Residual connections

• What are residual connections?
• Backward pass - gradient flows as the identity through the shortcut, deals with the vanishing gradient problem (how?)
• Forward pass - additional non-linear function on top of the input feature from the previous layer (?), allows for richer features

The history of SOTA CV models

• Traditional Convolutional Neural Network structure

  • (pre-batchnorm and residual connections)
  • Convolution - ReLU - Pooling with last two fully connected layers
• VGG
  • From Oxford Visual Geometry Group
  • 2014 ImageNet LSVRC second place
  • Structure
    • Repeated blocks of nx(convolution-ReLU)-pooling
    • 3 fully connected layers containing many parameters
    • Dropout layers between fc layers
• Googlenet
  • 2014 ImageNet LSVRC first place
  • Contribution
    • Auxiliary losses (in training only) to help to address vanishing gradient problem due to deep neural nets (ResNet is a better way of doing this?)
    • Inception module - convolution parallel with different effective kernel sizes for multiple scale processing (object may have different scales)
• ResNet

  • Residual connections shortcuts across layers

  • Batch-normalisation after every convolution

• Densenet

  • ResNets to the extreme - within each “dense block”, connect each layer to each other layer with shortcuts.
  • Better parameter vs error tradeoff versus ResNets.

• InceptionV3

  • Improved Inception module - Use 2 layers of 3x3 instead of one layer of 5x5 because it is faster (really?) and less likely to overfit. (?)
  • https://towardsdatascience.com/a-simple-guide-to-the-versions-of-the-inception-network-7fc52b863202

Recurrent Neural Networks

There are many variations, and notation may not be uniform.

Vanillin RNN cell

• (Visualise how it will look like if it is expanded. It is a deep neural network that has shared weights across various blocks)
• (Please understand the dimensions of the input)
• Elements
  • The input is concatenated with the hidden state from the previous cell.
  • There is a linear mapping from combined to the next hidden state and the output.
  • The output undergoes a softmax function (e.g. for multiclass classification)
  • We define the initiall hidden state somehow (all zeroes is ok)

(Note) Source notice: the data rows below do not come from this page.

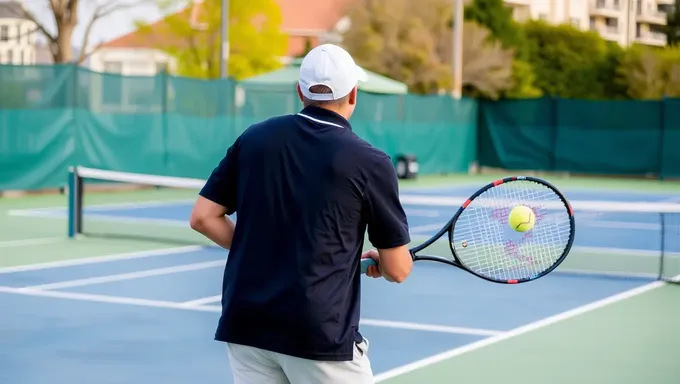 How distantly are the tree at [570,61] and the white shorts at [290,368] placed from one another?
165 feet

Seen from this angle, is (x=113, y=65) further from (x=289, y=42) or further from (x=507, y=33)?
(x=507, y=33)

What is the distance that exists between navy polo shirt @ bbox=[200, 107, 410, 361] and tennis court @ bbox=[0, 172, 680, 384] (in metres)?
2.79

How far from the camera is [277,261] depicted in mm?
3107

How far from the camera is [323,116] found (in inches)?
124

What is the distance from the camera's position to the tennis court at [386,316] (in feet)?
20.2

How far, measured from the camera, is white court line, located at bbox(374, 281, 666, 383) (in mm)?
6121

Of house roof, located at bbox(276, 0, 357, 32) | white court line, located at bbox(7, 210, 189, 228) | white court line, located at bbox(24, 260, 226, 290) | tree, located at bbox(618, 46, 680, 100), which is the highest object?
house roof, located at bbox(276, 0, 357, 32)

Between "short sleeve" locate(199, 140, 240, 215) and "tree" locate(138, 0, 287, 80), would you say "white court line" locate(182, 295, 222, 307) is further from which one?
"tree" locate(138, 0, 287, 80)

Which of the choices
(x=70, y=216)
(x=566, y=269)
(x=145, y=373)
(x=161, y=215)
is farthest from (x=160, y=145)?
(x=145, y=373)

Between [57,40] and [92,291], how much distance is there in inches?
940

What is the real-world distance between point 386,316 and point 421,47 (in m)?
31.0

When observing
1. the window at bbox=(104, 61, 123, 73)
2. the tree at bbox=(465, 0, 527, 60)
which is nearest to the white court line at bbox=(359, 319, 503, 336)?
the tree at bbox=(465, 0, 527, 60)

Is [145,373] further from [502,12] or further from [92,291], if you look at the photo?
[502,12]

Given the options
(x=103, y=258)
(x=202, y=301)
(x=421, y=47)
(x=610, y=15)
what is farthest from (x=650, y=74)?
(x=610, y=15) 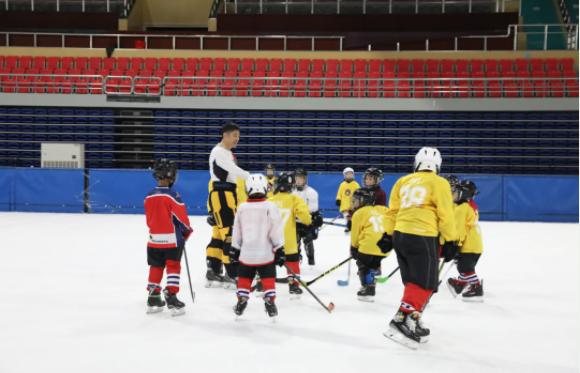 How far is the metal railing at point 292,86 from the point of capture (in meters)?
21.3

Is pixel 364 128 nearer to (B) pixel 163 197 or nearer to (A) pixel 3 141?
(A) pixel 3 141

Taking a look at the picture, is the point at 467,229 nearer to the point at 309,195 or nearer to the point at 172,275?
the point at 309,195

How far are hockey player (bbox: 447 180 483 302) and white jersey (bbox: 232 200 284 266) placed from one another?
2.41 m

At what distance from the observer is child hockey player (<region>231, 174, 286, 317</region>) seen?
19.7 feet

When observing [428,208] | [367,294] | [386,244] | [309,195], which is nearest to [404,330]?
[386,244]

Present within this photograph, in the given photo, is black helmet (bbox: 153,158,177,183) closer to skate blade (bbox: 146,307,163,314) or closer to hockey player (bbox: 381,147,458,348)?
skate blade (bbox: 146,307,163,314)

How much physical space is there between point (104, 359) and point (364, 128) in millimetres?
17399

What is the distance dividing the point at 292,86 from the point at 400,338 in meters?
17.3

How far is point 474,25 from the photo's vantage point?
992 inches

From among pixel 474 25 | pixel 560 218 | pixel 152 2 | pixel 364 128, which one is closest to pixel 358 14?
pixel 474 25

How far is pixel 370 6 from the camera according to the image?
87.6ft

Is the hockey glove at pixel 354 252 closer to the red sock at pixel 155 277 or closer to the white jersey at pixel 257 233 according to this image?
the white jersey at pixel 257 233

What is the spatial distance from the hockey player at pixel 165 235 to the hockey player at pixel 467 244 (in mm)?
3223

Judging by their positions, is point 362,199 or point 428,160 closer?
point 428,160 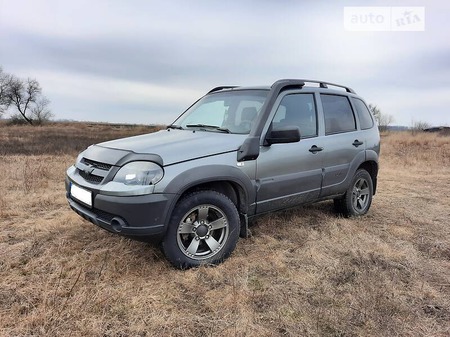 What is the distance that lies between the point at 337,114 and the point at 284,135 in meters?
1.55

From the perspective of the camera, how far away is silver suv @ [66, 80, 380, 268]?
2.92 meters

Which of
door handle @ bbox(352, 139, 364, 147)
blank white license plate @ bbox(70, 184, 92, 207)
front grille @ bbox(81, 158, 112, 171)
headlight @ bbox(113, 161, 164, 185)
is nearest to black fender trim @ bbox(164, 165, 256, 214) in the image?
headlight @ bbox(113, 161, 164, 185)

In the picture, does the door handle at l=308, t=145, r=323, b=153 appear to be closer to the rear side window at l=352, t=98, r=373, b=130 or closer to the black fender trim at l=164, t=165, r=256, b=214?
the black fender trim at l=164, t=165, r=256, b=214

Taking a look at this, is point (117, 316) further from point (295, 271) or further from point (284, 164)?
point (284, 164)

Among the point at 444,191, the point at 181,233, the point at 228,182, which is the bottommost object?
the point at 444,191

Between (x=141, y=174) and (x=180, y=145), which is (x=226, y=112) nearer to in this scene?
(x=180, y=145)

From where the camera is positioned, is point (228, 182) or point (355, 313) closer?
point (355, 313)

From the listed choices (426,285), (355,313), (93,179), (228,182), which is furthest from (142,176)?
(426,285)

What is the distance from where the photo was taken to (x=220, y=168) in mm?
3225

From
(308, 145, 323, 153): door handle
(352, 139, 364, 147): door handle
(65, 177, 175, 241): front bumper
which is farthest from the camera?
(352, 139, 364, 147): door handle

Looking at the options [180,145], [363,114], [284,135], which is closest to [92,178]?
[180,145]

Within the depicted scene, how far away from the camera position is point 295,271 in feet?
10.8

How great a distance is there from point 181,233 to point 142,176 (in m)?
0.65

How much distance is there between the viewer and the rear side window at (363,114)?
505cm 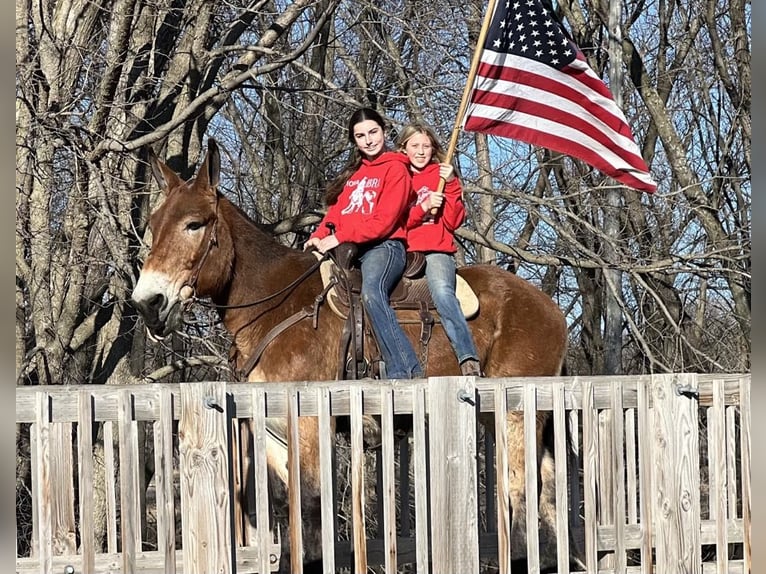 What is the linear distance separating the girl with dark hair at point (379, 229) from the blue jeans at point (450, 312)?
233 mm

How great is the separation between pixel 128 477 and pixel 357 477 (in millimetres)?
1058

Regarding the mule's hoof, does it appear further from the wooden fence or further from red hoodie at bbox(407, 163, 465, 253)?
the wooden fence

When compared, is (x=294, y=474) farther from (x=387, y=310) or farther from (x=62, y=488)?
(x=387, y=310)

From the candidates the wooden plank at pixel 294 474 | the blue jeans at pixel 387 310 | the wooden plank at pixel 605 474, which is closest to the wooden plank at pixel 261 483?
the wooden plank at pixel 294 474

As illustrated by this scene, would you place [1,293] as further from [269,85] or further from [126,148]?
[269,85]

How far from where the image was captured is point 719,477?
5.96 m

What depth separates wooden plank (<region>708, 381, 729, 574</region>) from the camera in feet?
19.4

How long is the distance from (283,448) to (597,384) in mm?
2165

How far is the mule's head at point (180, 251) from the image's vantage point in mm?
6922

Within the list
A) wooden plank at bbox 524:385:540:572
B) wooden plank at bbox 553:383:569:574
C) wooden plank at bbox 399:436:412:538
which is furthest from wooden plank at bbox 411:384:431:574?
wooden plank at bbox 399:436:412:538

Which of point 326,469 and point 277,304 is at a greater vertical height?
point 277,304

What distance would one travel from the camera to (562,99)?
7363 millimetres

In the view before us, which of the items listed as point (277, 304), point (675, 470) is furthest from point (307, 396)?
point (277, 304)

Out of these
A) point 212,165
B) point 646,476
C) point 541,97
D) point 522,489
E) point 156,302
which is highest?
point 541,97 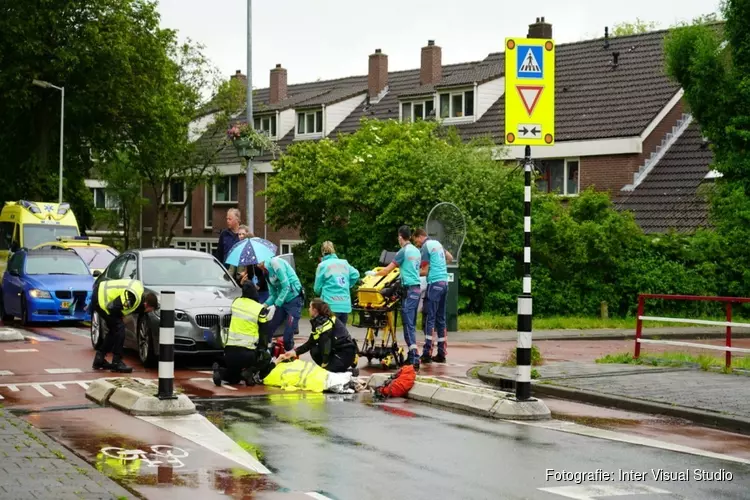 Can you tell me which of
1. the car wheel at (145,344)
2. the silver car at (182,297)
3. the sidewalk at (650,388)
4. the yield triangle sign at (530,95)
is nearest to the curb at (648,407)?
the sidewalk at (650,388)

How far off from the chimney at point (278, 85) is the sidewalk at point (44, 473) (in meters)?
53.9

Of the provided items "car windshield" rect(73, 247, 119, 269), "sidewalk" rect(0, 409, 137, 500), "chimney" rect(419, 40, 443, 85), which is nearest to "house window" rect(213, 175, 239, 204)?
"chimney" rect(419, 40, 443, 85)

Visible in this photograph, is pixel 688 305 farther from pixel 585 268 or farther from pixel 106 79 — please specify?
pixel 106 79

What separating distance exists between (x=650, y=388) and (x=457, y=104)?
34278mm

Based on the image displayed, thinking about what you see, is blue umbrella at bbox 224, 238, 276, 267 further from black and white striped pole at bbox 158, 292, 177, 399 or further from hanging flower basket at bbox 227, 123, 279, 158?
hanging flower basket at bbox 227, 123, 279, 158

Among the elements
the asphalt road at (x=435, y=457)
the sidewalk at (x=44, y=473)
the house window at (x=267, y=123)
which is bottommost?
the asphalt road at (x=435, y=457)

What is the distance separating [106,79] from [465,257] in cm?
2297

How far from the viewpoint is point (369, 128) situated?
3438 cm

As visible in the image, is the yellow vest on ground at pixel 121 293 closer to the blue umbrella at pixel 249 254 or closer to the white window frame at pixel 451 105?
the blue umbrella at pixel 249 254

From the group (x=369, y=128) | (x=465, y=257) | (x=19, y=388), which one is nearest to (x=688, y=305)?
(x=465, y=257)

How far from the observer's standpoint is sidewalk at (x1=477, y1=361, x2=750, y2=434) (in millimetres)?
11961

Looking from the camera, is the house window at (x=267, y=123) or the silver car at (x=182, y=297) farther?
the house window at (x=267, y=123)

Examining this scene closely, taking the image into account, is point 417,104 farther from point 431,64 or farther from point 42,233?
point 42,233

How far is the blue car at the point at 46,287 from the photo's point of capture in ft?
77.7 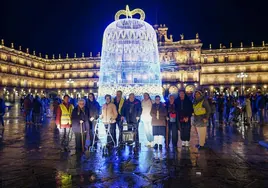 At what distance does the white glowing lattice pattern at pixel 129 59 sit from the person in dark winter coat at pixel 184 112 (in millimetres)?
8477

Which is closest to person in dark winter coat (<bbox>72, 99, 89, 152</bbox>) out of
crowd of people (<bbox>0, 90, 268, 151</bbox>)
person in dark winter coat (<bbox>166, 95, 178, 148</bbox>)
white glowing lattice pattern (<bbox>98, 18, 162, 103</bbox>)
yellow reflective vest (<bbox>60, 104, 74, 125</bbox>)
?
crowd of people (<bbox>0, 90, 268, 151</bbox>)

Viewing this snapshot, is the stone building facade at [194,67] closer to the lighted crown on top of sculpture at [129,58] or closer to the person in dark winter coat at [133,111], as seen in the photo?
the lighted crown on top of sculpture at [129,58]

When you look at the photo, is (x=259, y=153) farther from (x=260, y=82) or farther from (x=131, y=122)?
(x=260, y=82)

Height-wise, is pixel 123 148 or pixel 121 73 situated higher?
pixel 121 73

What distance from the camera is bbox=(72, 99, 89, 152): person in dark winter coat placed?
8.40 meters

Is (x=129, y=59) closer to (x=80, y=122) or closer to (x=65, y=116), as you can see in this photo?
(x=65, y=116)

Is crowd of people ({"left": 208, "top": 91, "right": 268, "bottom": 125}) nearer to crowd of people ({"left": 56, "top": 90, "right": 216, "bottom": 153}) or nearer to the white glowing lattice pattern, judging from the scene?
the white glowing lattice pattern

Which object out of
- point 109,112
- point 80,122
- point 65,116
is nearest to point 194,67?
point 109,112

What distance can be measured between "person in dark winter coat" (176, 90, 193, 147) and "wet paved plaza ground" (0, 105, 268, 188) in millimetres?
466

    def forward(self, input, hidden):
        combined = torch.cat((input, hidden), 1)
        hidden = self.i2h(combined)
        output = self.i2o(combined)
        output = self.softmax(output)
        return output, hidden

• Vanishing/exploding gradient
  • Due to product of many terms
  • $\dfrac{\partial s_t}{\partial s_{t-K}} = \dfrac{\partial s_{t}}{\partial s_{t-1}} \dfrac{\partial s_{t-1}}{\partial s_{t-2}} \dots \dfrac{\partial s_{t-K+!}}{\partial s_{t-K}}$

LSTM cell

• Elements
  • Forget gate - what to forget (0 to 1)
    • What is to be forgotten is multiplied to the hidden state
  • Input gate - what to remember (-1 to 1) and how much to remember (0 to 1)
    • What is to be remembered is added to the hidden state memory cell
  • Output gate - what to output (0 to 1)
    • The output is output state
  • (There are weights associated with each gate)
• How does LSTM resolve the vanishing/exploding gradient problem
  • https://weberna.github.io/blog/2017/11/15/LSTM-Vanishing-Gradients.html

GRU cell

• Comparison with LSTM
  • Fewer parameters
  • No memory cell, the state is recorded in the output state
• Elements
  • Candidate activation vector
  • Update gate vector
  • Reset gate vector
• There is only one hidden state.

Temporal Convoluntional Neural Network

• (Prof worked on it)
• Use layers of 1D CNN with non-linearities to model the sequence.
• Dilated convolution - the “stride” of the kernel in each layer is two
  • Advantages
    • RNN needs to process the input seqeuence step by step and cannot be parallelly calculated.
    • Can still model the hierarchical structure of the information.
  • (Are the weights shared like in CNN?)
  • (Require fixed length inputs?)
• Now transformers are used

Implementation

• Pytorch allows you to feed all the to avoid the use of for loop, by fitting the sequence as a whole.
• However, if you do not have the next input in advance, you may still need to use the for loop.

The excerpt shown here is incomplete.